While the question of what exactly the Zulu king said about gays in a speech on Sunday remains, the Congress of Traditional Leaders of South Africa said the gay rights group who demanded an apology showed the king disrespect.
The royal family has dismissed allegations that the king said gay relationships were “rotten” as a mistranslation by South Africa’s Times newspaper.
While the South African Human Rights Commission then said it would investigate King Goodwill Zwelithini, the Premier of KwaZulu-Natal, the province which is home to the Zulu nation, backed the royal family’s version of events.
Now, Contralesa, the Congress of Traditional Leaders of South Africa, says the gays who asked for the king to apologise were only seeking fame.
In a statement appearing to refer to the Gay & Lesbian Network in Pietermaritzburg, they say: “We condemn the gays and lesbian group [for questioning] His Majesty iMbube to apologise to them.

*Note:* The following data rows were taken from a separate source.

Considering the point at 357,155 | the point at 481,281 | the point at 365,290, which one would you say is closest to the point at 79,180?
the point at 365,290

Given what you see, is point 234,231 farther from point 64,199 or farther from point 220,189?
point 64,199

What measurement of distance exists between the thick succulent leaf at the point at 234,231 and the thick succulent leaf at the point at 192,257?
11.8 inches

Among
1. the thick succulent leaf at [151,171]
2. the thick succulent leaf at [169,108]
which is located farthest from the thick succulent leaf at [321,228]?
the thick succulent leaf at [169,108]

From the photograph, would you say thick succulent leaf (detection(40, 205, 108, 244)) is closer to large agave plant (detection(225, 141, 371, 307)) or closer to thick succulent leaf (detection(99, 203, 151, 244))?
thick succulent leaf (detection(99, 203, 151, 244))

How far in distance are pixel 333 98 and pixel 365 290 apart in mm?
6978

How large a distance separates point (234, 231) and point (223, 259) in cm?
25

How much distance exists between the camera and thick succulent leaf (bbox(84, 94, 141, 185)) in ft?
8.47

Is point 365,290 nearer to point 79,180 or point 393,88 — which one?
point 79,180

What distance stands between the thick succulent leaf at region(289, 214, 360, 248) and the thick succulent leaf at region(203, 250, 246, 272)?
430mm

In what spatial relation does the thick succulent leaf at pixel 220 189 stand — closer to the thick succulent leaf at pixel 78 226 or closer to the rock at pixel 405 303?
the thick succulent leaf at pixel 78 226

“This shows how disrespectful they are and worse to the point of that they would approach the king on twisted facts. They are just seeking fame out [of] our king.”

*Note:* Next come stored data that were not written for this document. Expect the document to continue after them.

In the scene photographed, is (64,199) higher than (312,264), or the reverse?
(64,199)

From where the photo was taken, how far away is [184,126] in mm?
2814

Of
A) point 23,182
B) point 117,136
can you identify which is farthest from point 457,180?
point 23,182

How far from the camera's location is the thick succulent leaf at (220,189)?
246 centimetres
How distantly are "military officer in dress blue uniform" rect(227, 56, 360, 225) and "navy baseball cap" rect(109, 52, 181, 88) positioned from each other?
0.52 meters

Contralesa is made up of traditional African leaders including chiefs and headmen and does not have any official political affiliations.

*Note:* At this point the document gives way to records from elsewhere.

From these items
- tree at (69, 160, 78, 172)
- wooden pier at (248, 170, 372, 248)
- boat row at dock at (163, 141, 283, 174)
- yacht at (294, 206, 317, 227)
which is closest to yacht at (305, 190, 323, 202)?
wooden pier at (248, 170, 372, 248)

According to the nation’s Times newspaper, the king told a crowd: “Traditionally, there were no people who engaged in same sex-relationships. There was nothing like that and if you do it, you must know that you are rotten.
“I don’t care how you feel about it. If you do it, you must know that it is wrong and you are rotten. Same sex is not acceptable.”
The royal family suggested it may have been a “reckless” translation and said they felt “shock and dismay” at the newspaper’s report of the speech.
The speech came at a memorial for the 1879 Battle of Isandlwana, during which the Zulu army defeated the British.
Zweli Mkhize, the Premier of KwaZulu-Natal, reportedly played a DVD of the speech to the provincial legislature, saying it contains no slurs against gays in the original language.